35

Al día siguiente, Lizzie se pasó toda la mañana en la cama con un dolor de cabeza tan espantoso que apenas podía hablar. Sarah entró con el desayuno y, al verla, se llevó un susto. Lizzie tomó unos cuantos sorbos de té y volvió a cerrar los ojos.

Cuando regresó la cocinera para retirar la bandeja, Lizzie le preguntó:

—¿Se ha ido el señor Jamisson?

—Sí, señora. Se fue a Williamsburg al amanecer. El señor Lennox se ha ido con él.

Lizzie se sintió un poco mejor.

Minutos después Mack irrumpió en la estancia, se acercó a la cama y la miró, temblando de rabia. Alargó la mano y le acarició las mejillas con trémulos dedos. A pesar de que las magulladuras estaban en carne viva, su caricia fue tan suave que no le causó el menor daño y más bien fue un alivio. Lizzie tomó su mano y le besó la palma. Después ambos permanecieron sentados un buen rato en silencio. El dolor de Lizzie empezó a suavizarse y, al cabo de un rato, ésta se quedó dormida. Cuando se despertó, Mack ya no estaba.
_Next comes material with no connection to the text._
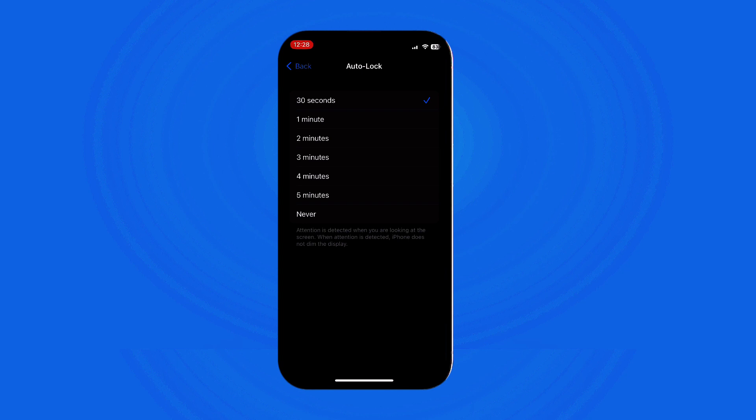For me, since I want to save my battery because I don't usually bring my charger with me, I will choose 30 seconds. With the new setting in place, your iPhone screen will now automatically lock after the specified period of inactivity, helping to protect your privacy and battery life.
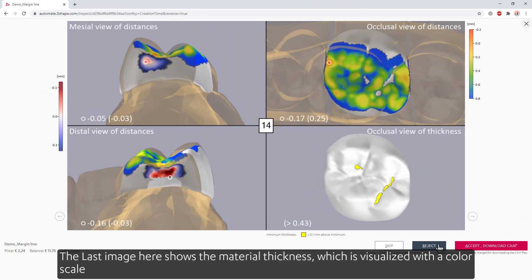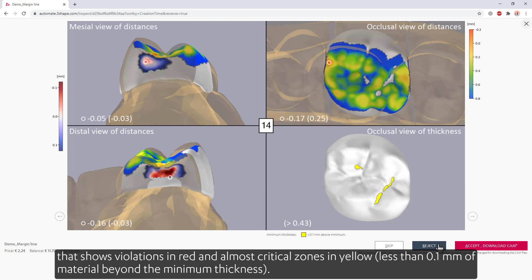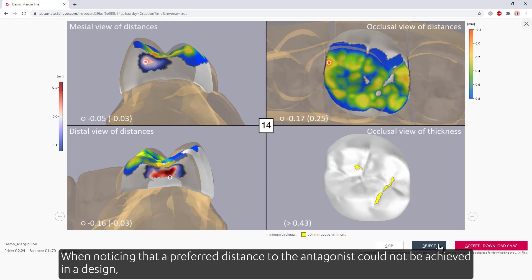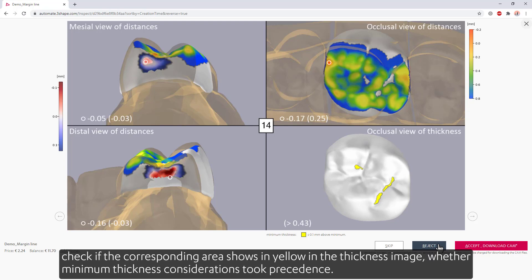The last image here shows the material thickness, visualized with a color scale that shows violations in red and almost critical zones in yellow — less than 0.1 mm of material beyond the minimum thickness. When noticing that a preferred distance to the antagonist could not be achieved in a design, check if the corresponding area shows in yellow in the thickness image, to see whether minimum thickness considerations took precedence.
Por la tarde entró Mildred y abrió las persianas. Lizzie se incorporó para que Mildred le cepillara el cabello y poco después entró Mack con el doctor Finch.

—Yo no le he mandado llamar —dijo Lizzie.

—Yo le he ido a buscar —explicó Mack.

Por una extraña razón, Lizzie se avergonzó de lo que le había ocurrido y pensó que ojalá Mack no hubiera ido a buscar al médico.

—¿Qué te induce a pensar que estoy enferma?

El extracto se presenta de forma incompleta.